Section B. Essay response questions.

One question is answered (free choice). 22 marks maximum awarded.

1. A question on the biological perspective.

2. A question on the cognitive perspective.

3. A question on the socio-cultural perspective.

Paper 2

15 questions on part 2 of the syllabus. Students choose 1 question to answer in essay form.

  • Abnormal psychology 
  • Developmental psychology
  • Health psychology
  • Psychology of human relationships
  • Sport psychology

 

About your concerns of your class being too relaxed, my first year was also pretty chill and we were always doing projects, but almost no one gets a 7 here so maybe you should ask for someone's else's opinion 

This is a great description.
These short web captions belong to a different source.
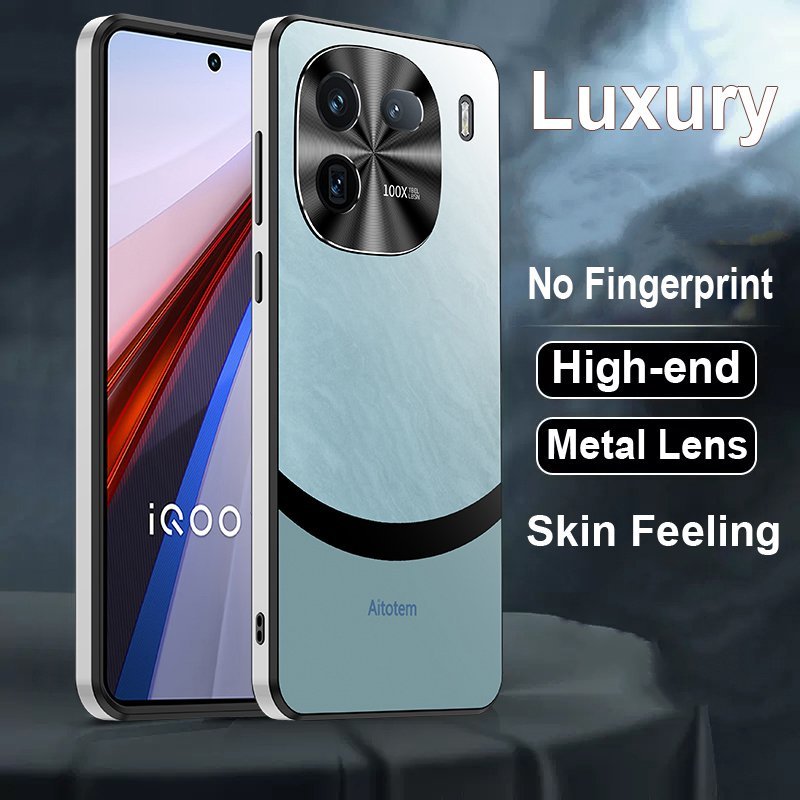 Dành Cho Vivo x100 x100s v30 v29 v27 s18 s16 s17 iQOO 12 Pro Ốp Lưng Thương Hiệu Cao Cấp Cảm Giác Da
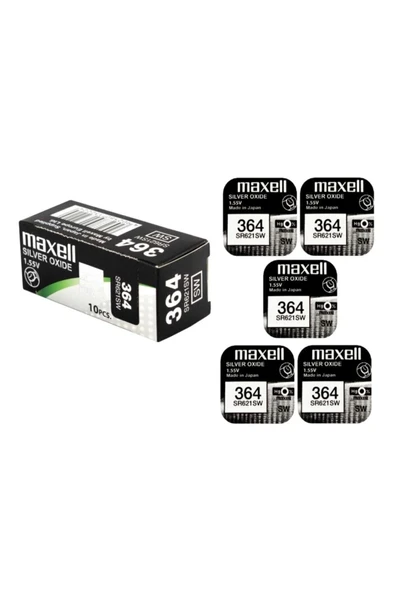 Maxell Sr621sw 364 Saat Ve Cihaz Pili - 5 Adet ürün görseli 1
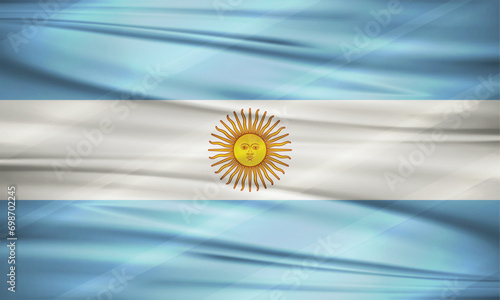 Illustration of Argentina Flag and Editable Vector of Argentina Country Flag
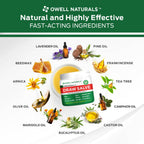 OWELL NATURALS Drawing Salve Ointment Fast Acting Formula for Skin, Splinters, Ingrown Hairs, Boils & Cyst, Bug Bites, bee Sting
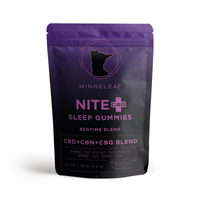 Minneleaf Extra Strength Nite Sleep Gummies 50 mg CBD 25 mg CBG 25 mg CBN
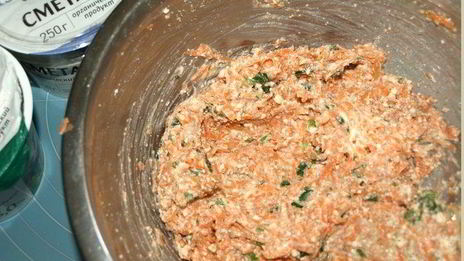 оладьи из батата с творогом и зеленью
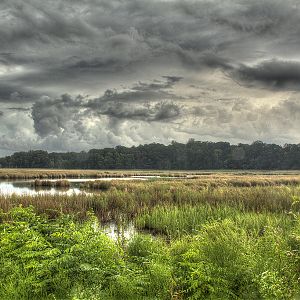 North Beach Wetlands Overlook Park Storm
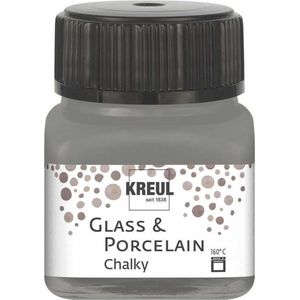 Glasverf - Porseleinverf - Smoky Stone - Extra Mat - Chalky - Kreul - 20ml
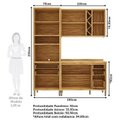 Ver imagem 3 de Cozinha Compacta 100% Mdf 3 Peças 8 Portas e 5 Gavetas  190cm Barbados Espresso Móveis
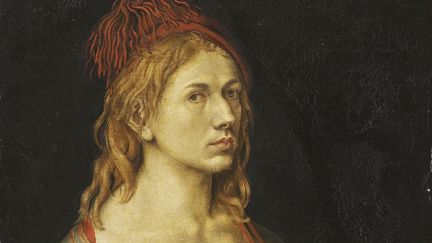 Albrecht Dürer, "Portrait de l'artiste tenant un chardon", 1493 ( détail), Paris, musée du Louvre, département des peintures (© RMN-Grand Palais (musée du Louvre) / Thierry Olivier)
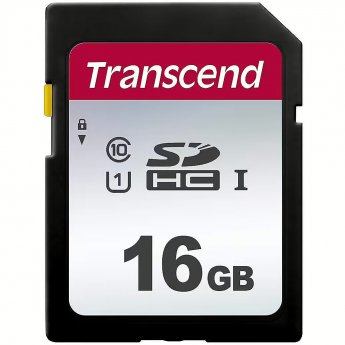 Transcend SDHC, 16GB, Class 10, UHS-I, U1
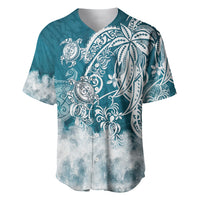 Polynesian Sea Turtle Baseball Jersey Tribal LT6 - Wonder Print Shop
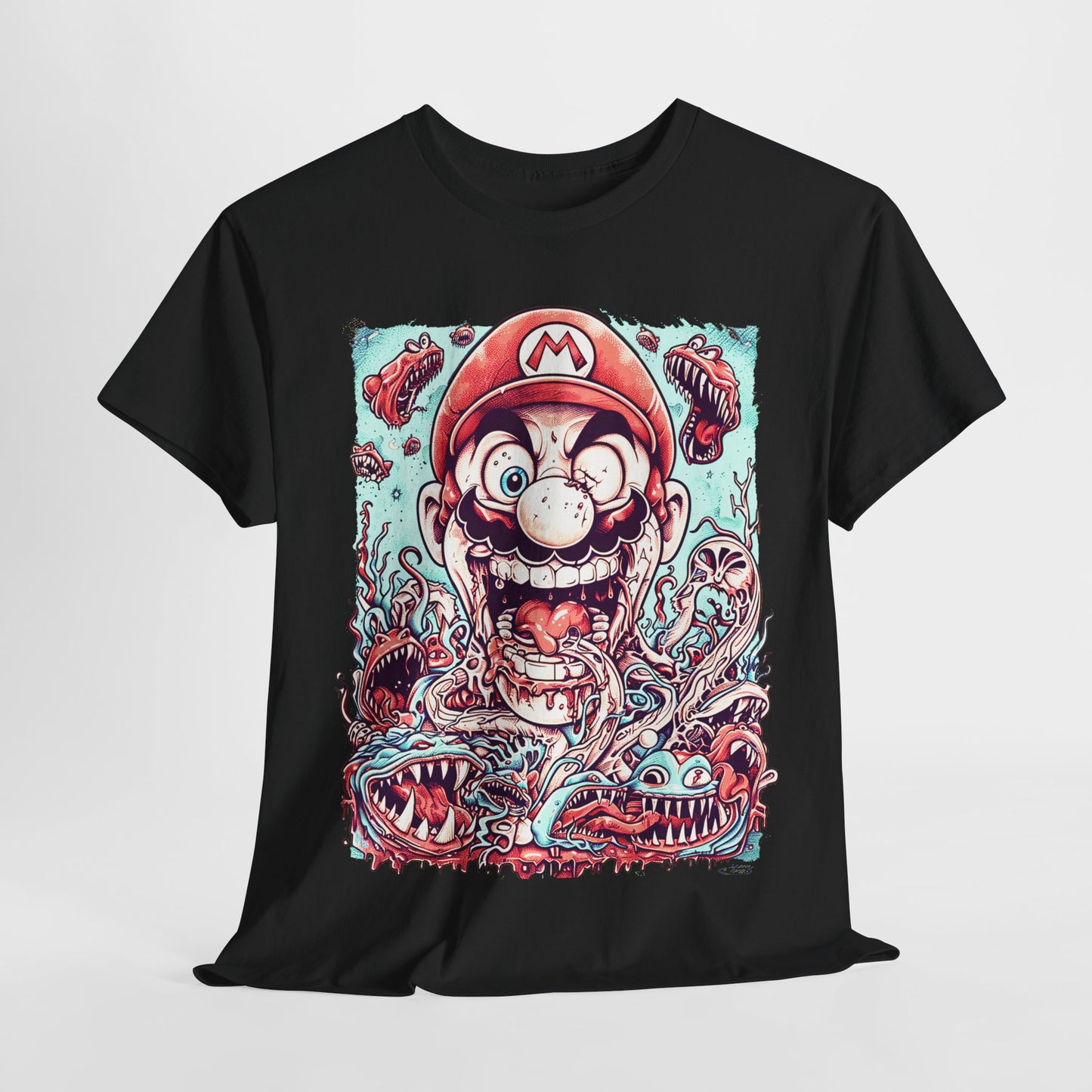 Fitzboyzprints - Mario Madness Unisex Fashion Heavy Cotton Fabric Casual Tee Shirt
However, do note it is for SL. HL has to do 2 options in paper 2, and has a paper 3 on qualitative methods as well. 

 

If your teacher isn't teaching you about studies, then they're effectively not doing their job well. Every concept you're learning absolutely MUST be backed by studies. You'll lose piles of marks in the exam if you don't mention studies in your answers. Some questions in paper 1 are explicitly about studies. You said you're not using a textbook - is it because you don't have one or just not using the one you have? If you have one, it should have studies in there. If you don't, I recommend getting a guide (I think it's Oxford, it goes through each learning outcome in a concise way) and a proper textbook (I got Pearson Baccalaureate and loved it <3).